Uma jovem leva uma carta enquanto marcha com dezenas de milhares de pessoas na Cidade do México em 22 de julho passado. Vinte e poucos anos, cabelos pretos longos e jeans, sua mensagem captura o espírito e o sentido da história do novo movimento do México pela real democracia. Ao mesmo tempo, revela o ressentimento que especialmente os jovens sentem sobre as eleições presidenciais e um novo governo que para eles representa uma era de manipulação e repressão.
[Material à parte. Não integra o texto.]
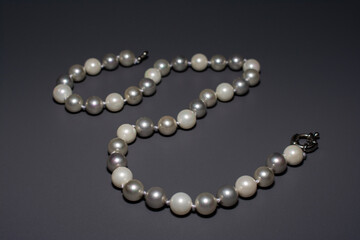 Pearl white round beads on a gray background. Women's elegant jewelry.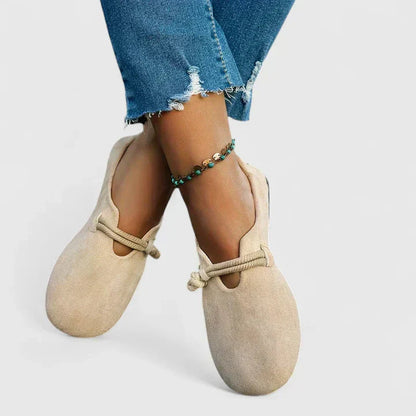 Beige slip-on walking shoes with elastic ankle strap and soft suede-like finish
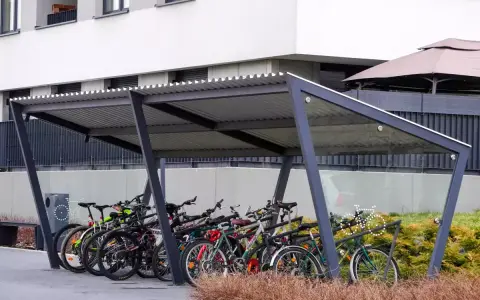 Rzędy rowerów czekają na swoich właścicieli pod nowoczesną wiatą. Bezpieczne przechowywanie roweru na dworze to wygoda i ochrona przed deszczem.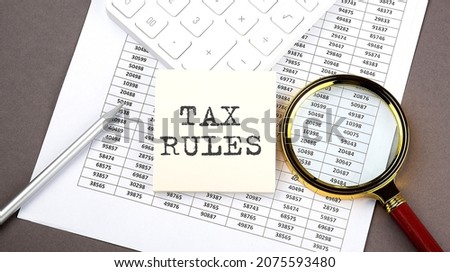 TAX RULES text on sticker on chart ,with calculator and magnifier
Semanas após as eleições presidenciais do México, milhares de pessoas protestaram contra o declarado vencedor, Enrique Peña Nieto, e o iminente retorno ao poder do partido que governou o México por mais de sete décadas. O Partido Revolucionário Institucional (PRI), que está programado para tomar posse em 1º de dezembro, enfrenta agora acusações crescentes de fraude, uma demanda legal para declara as eleições inválidas e um movimento jovem que se recusa a recuar.
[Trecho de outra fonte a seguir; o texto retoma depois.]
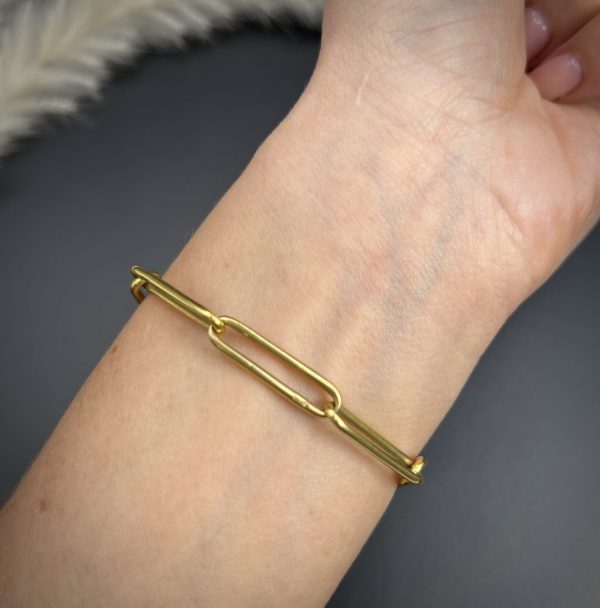 Edwardian trombone link bracelet in gold.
“México, Sem o PRI”, “Instituto Eleitoral, seu covarde – Corrija as eleições!” e “México votou e Peña não ganhou!”, homens e mulheres cantavam esses slogans através das avenidas do centro da cidade na última manifestação, prometendo que o político mais conhecido por seu penteado e conexões com a antiga política de estilo mexicano nunca assumiria o cargo. A maioria dos manifestantes tem idade universitária, mas contingentes de trabalhadores, associações de moradores e cidadãos de todas as idades participam.
Muitos defendem o candidato da oposição e segundo lugar nas eleições, Manuel Andrés Lopéz Obrador. Mas a mídia, quando confrontada com as mensagens reais e os motivos do movimento, simplesmente proclama que todo o movimento é um artifício de maus perdedores.
#YoSoy132
O México está vendo o nascimento de um movimento pela real democracia. Ele é liderado por uma geração que quer romper o cinismo de uma nação acostumada à corrupção e ao autoritarismo. Seus membros não desafiam apenas os resultados das eleições, mas a própria definição de democracia.
O movimento chamado de “#YoSoy132” (#EuSou132) surgiu em protesto a Peña Nieto em alguns centros universitários locais baseado no princípio de que a democracia não pode ser comprada. Jovens sem memória adulta de viverem sob o PRI têm olhado para a história de seu país e decidiram que não querem voltar para lá.
O movimento “#YoSoy132”, com o símbolo ‘#’ em seu nome marcando a identidade de sua geração, tem uma ampla plataforma que inclui: a democratização da mídia para garantir o direito à informação e a liberdade de expressão; “educação secular, livre, científica, pluricultural, democrática, humanista, popular, crítica e de qualidade”; mudança no modelo econômico neoliberal com menos ênfase no mercado e maior envolvimento do Estado; transformação do modelo de segurança e justiça e a retirada do exército da segurança pública; democracia participativa e autonomia; e saúde como um direito humano.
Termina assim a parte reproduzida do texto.